It is difficult, sometimes, to pinpoint the exact cause of the depressive pessimism that it the mood music of 2020. Is it Covid-19? Or is it the government’s strange inability to collect and publish statistics on it? Or their tendency to blame others for problems rather than solving them? Is it that nagging sense that while the way contracts are being handed out might not be corrupt technically, it’s hard to avoid the whiff of something a bit off?
Is it the incompetence of the handling of A-level results? Or is it the bizarre situation where we’ll get worked up about a handful of people braving the Channel in a dinghy because they, bizarrely, think that life will be better here than any other European country? Or maybe it’s the utterly surreal suggestion by Priti Patel that they are trying to escape French intolerance?
I have started wondering if, actually, it’s because of all the polarisation it’s the one between optimism and pessimism that is most profound.
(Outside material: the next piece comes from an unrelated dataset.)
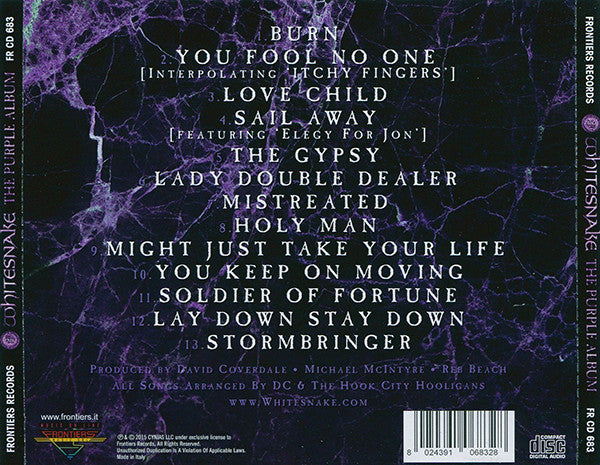 Whitesnake -The Purple Album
It’s hard to imagine how making ourselves economically weaker while stoking intolerance is a cause for optimism but, when packaged up with terms like ‘freedom’ and ‘control’, it seems that even a government that’s equal parts ideology and incompetence can provide enough of the population with hope that it can dominate a broken electoral system like first-past-the-post.
The difficulty is that there is a finite capacity for pessimism and outrage. So, taking the A-level results, while there is so much focus on young people missing out their Oxbridge places there is hardly any media attention given to those elsewhere on the spectrum such as those who will miss out on a university place entirely. Those for whom the downgrading doesn’t mean the difference between a prestigious university education and slightly less prestigious university education but, instead, is a set-back that will last, with a huge economic cost, for the rest of their lives.
Or, looking beyond this, year, the fact that the algorithms have simply highlighted (and perhaps amplified) an annual inequality that downgrades the potential of children from deprived areas every single year of their education. Surely that is where the outrage should be: by limiting their potential we hold back the whole country.
I’m obviously one of the 55% or so that finds little cause for optimism in the UK. Perhaps the biggest cause of pessimism is that I don’t really expect the government to do anything to appeal to me, why should it? There is no need for consensus building when it can achieve electoral success by just appealing to its base.
Once upon a time politics was about hope and optimism. Remember that Obama poster? Perhaps that is an analogy, something that started positively but ended in disappointment and court battles. But politics was about hope. From Attlee’s ‘Face the Future’ manifesto in 1945, Thatcher in 1979 exhorting people to vote for a ‘better life’, Blair in 1997 offering the country a ‘new life’. Even May’s shambolic 2017 election, despite the comically memorable ‘Strong and Stable’, was under a manifesto entitled ‘Forward, Together’. The consistent theme is that, as a country, things can be better. And now…?
If there could be a more visceral image of a government destroying hope than downgrading the exam results of thousands and thousands of young people, mostly from less affluent areas I do not want to know what it is. Can we really take four more years of it?
It’s hard to imagine four more months of this, let alone four years.
Danger is that it will become normalised. Incompetent government? Just the way it is. Inequalities? Just the natural order of things.
I think that’s already happening. Some have normalised 50,000 deaths.
‘They would have died anyway.’ I’m the irony in trying to prevent it becoming a tragedy that affects everyone is that it means most people can pretend it affects no-one.